Fortunately for today’s boating anglers, the days of needing an onboard marine generator and the fuel it burns on a saltwater fishing boat may well be winding down thanks to advancements in marine lithium battery technology and its integration with marine electrical systems. Lithium battery systems are well on the way to rivaling generators as auxiliary power sources.
One company that’s pushing hard to shift the paradigm in auxiliary marine power is Navico with its new Fathom e-Power system. At its heart, Fathom e-Power uses advanced lithium-iron-phosphate (LiFePO4) battery technology to provide auxiliary electrical power for boats ranging from less than 20 feet in length to yachts.
“Lithium batteries for marine applications have gained substantial traction in the last decade,” says Eric Lindquist, VP and general manager for Power Systems at the Navico Group. “They last longer, charge faster, reduce weight and maximize space, as well as save time and money in the long run (versus lead-acid batteries)—all while minimizing negative impacts on the environment.”
Like Scout’s lithium system, Fathom e-Power extends well beyond the batteries themselves. It is designed to seamlessly integrate a host of onboard components from brands within Navico (a Brunswick company), including BEP, CZone, Ancor and Blue Sea Systems, as well as Mastervolt LiFePO4 marine batteries and chargers.
This host includes the high-capacity alternators available on the newest outboard engines from Mercury Marine, also a Brunswick company. The standard alternator on the new Merc V-10 Verado outboard will deliver 150 amps of 12-volt DC charging at just 1,500 rpm, more than twice that of the older 2.6-liter inline-six Verado and 30 percent more than the Verado V-8 outboards. The new V-10 is also available with an optional 48-volt alternator for compatible e-Power systems.

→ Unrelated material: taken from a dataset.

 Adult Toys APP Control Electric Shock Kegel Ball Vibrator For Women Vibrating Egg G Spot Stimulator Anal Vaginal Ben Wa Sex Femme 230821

“Navico Group’s portfolio of diverse products and brands puts us in a unique position to deliver advanced integrated technologies like the Fathom e-Power system,” says Brett Dibkey, Navico Group president. “The enhanced Fathom system provides reliable power management and control, allowing users to better understand and manage their power needs.”
Cutting the Cord
Some models within the Brunswick Boat Group are already incorporating Fathom e-Power as original equipment. Most notably for boating anglers, the system is available as an option on the Boston Whaler 360 Outrage. As a side note, Fathom is available only as original factory equipment on new boats and is not available for installation as an aftermarket product.
That said, Fathom e-Power should allow boaters to extend their time away from the umbilical of a shore-power cord, enjoying electrical power in a remote anchorage or other locale without the drone of a generator spoiling the naturally quiet and tranquil scene.
Yet how much auxiliary power can you expect? Each situation will vary depending the system, state of battery charge and power consumption. But with the 24 kilowatt-hour 48-volt Fathom battery bank, boaters could run moderate electrical loads for four hours without draining the batteries or needing to recharge, according to Navico.
Fathom’s intuitive user interface makes it easy to keep an eye on power consumption and state of charge and control the system via multifunction displays or smart mobile devices. It can provide a report on battery status, including a practical “time to empty” indicator, enabling boaters to make an informed decision regarding onboard energy reserves. Boaters can also set alerts and reminders to recharge batteries based on custom preferences.
The nature of marine auxiliary power is changing quickly and, in my opinion, for the better. It is a future made possible by advancements in lithium battery technology and related marine electrical systems.